• Task requirements: The answer is an exact repetition of every entry, with all images left out.

*** Material supplied

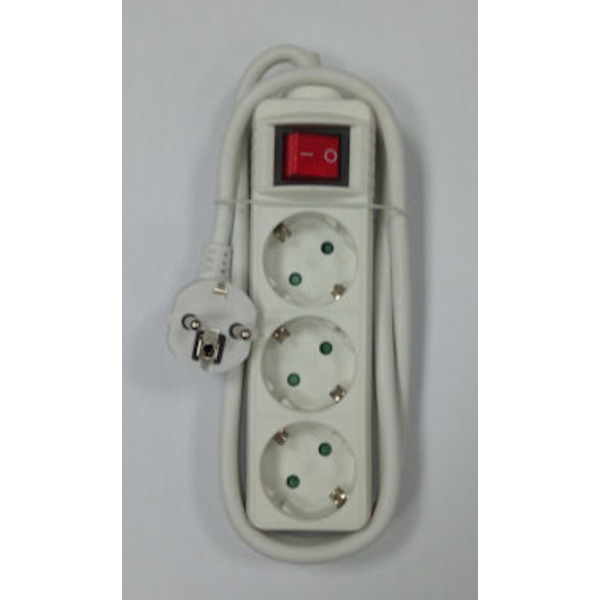 Πολύμπριζο 3Θ 1.5Μ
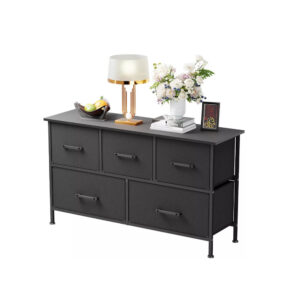 8 Drawers Fabric Dresser Charging Station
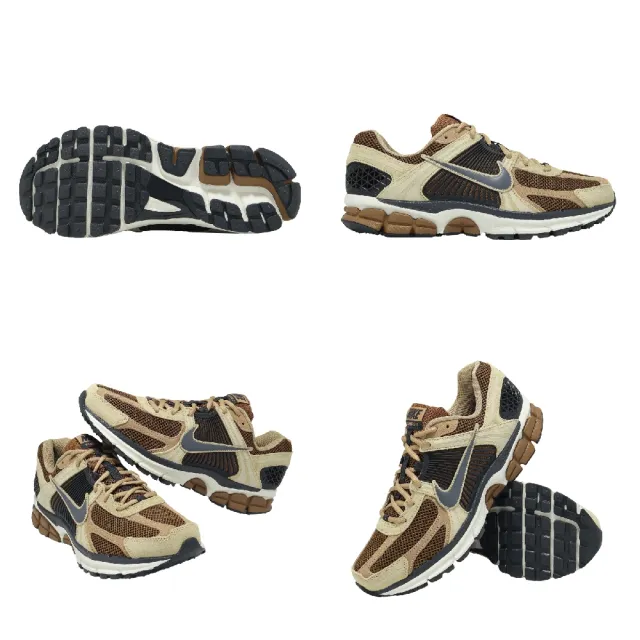 【NIKE 耐吉】休閒鞋 Zoom Vomero 5 男鞋 橘 灰 復古跑鞋 緩震 氣墊 HF1553-202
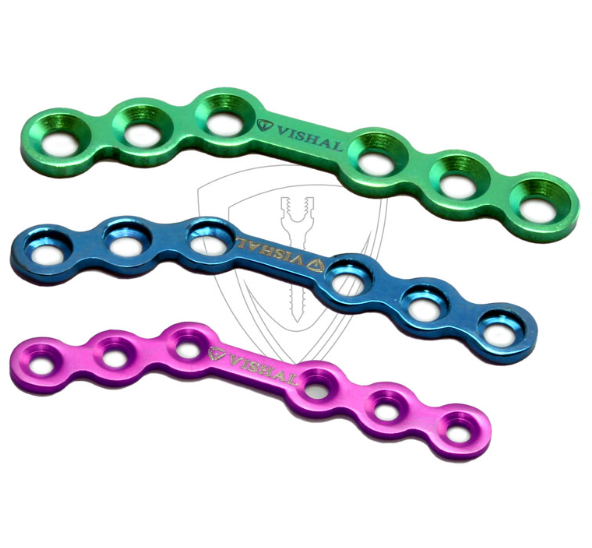 Titanium Angular Plate 150°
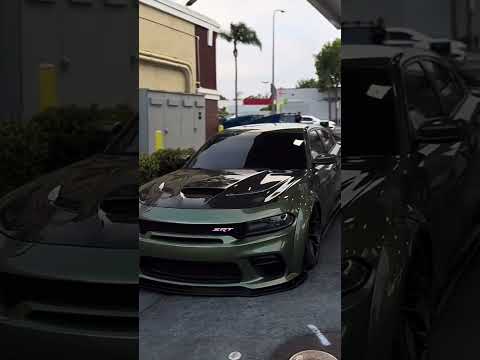 "Widebody Hellcat Charger Gets Insane New Upgrades!"🔥🔥🔥#hellcat #srt #widebody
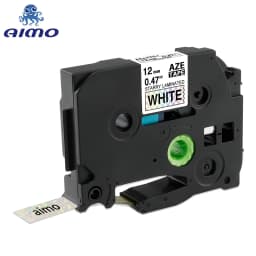 31 Colors Label Tape TZe-231 TZ 234 Cartridge Laminated Labeling Ribbon Fit Brother P-touch Label Maker PT-E105 1010 H101C D210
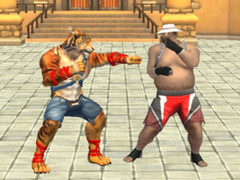 Spill Bodybuilder Karate Fighting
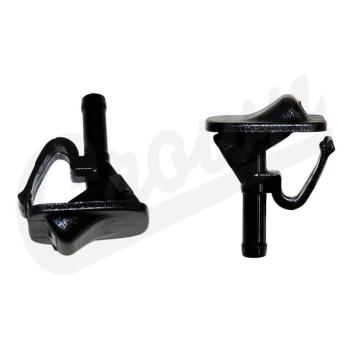 Jeep Wrangler TJ Waschwasserdüsen Set vorne 01-06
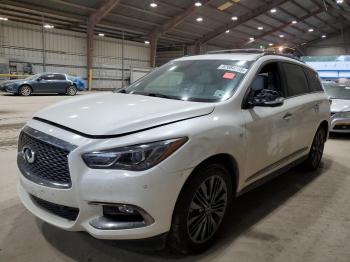  Salvage INFINITI Qx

******

• Written solution:
 Πολύμπριζο 3Θ 1.5Μ
 8 Drawers Fabric Dresser Charging Station
 【NIKE 耐吉】休閒鞋 Zoom Vomero 5 男鞋 橘 灰 復古跑鞋 緩震 氣墊 HF1553-202
 Titanium Angular Plate 150°
 "Widebody Hellcat Charger Gets Insane New Upgrades!"🔥🔥🔥#hellcat #srt #widebody
 31 Colors Label Tape TZe-231 TZ 234 Cartridge Laminated Labeling Ribbon Fit Brother P-touch Label Maker PT-E105 1010 H101C D210
 Spill Bodybuilder Karate Fighting
 Jeep Wrangler TJ Waschwasserdüsen Set vorne 01-06
  Salvage INFINITI Qx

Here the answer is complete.